The first step in the four-year review process is notifying representatives of domestic industries which benefit from the trade actions of the opportunity to request continuation of the tariff actions. As of late June 2022, a number of requests for continuation have been filed for List 1 and List 2. Therefore, USTR will keep the tariff action in place while proceeding to the next phase of the review process, which will include an opportunity for all interested stakeholders to provide comments.

As part of the review process, USTR will consider the effectiveness of the action in achieving the objectives of Section 301, other actions that could be taken, and the effects of such actions on the United States economy, including consumers. USTR is expected to announce the same process for Section 301 List 3 and List 4A, which went into effect on Sept. 24, 2018 and Sept. 1, 2019.

Comprehensive Tariff Exclusion Process

In May 2022, Congress held its first conference committee meeting to reconcile the differences between the Senate’s United States Innovation and Competition Act (USICA) (S. 1260) and the House of Representative’s America Creating Opportunities, Pre-Eminence in Technology, and Economic Strength (COMPETES) Act (H.R. 4521).

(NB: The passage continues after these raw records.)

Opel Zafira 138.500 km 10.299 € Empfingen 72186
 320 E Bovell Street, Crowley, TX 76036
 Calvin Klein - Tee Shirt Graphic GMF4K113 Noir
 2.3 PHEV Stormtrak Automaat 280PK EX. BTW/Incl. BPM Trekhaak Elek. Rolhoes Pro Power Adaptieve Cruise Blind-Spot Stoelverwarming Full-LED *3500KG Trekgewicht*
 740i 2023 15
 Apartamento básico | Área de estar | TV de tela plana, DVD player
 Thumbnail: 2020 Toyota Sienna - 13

Congress is weighing language related to Section 301 tariff exclusions that was included in USICA requiring USTR to implement a new comprehensive and transparent product exclusion that outlines specific criteria for USTR to consider in determining whether to grant an exclusion.

Key Action Items That You Can Take

  • In order to make sure that the Auto Care Association and the Automotive Aftermarket Suppliers Association (AASA) can effectively represent your interests as part of the USTR evaluation of the Section 301 tariffs, please complete this brief Section 301 tariffs survey.
  • Ensure that your company’s views are considered by submitting comments to USTR once the second phase of the four-year review process opens.
  • Meet your elected official in your facility or their office to ensure that Congress understands the impact of the tariffs on your business and the industry.

While tariffs continue to be a concern for the aftermarket alongside an impacted supply chain, Auto Care Association and AASA are working on behalf of the industry to request USTR to grant requests for auto parts that the industry has difficulty sourcing from other countries. AAPEX 2022 is a critical place where automotive aftermarket companies can find solutions to manufacturing challenges and re-source or re-develop their supply chain logistics.

June 28, 2022

2 Comments

  • Steve Feig says:

    In reading the previous article it has some salient points however for me as an importer from China the biggest effect of this entire situation is the tremendous damage the cost of freight and the tariffs has had on my cash flow the morons who believe that China pays for the tariffs are just that. countless importers have gone out of business because they basically have to pay the tariffs and freight before they receive their merchandise most articles i have read do not discuss this

    • Angela Chiang says:

      Steve, thank you for the comment. Good point – the surge in freight costs on top of the tariffs is having a devastating effect on American importers, especially small and medium size companies.The cash flow impact of financing these costs is causing severe financial stress for industries across the nation. Please continue to share these types of tariff impact stories as they are incredibly helpful in our advocacy efforts.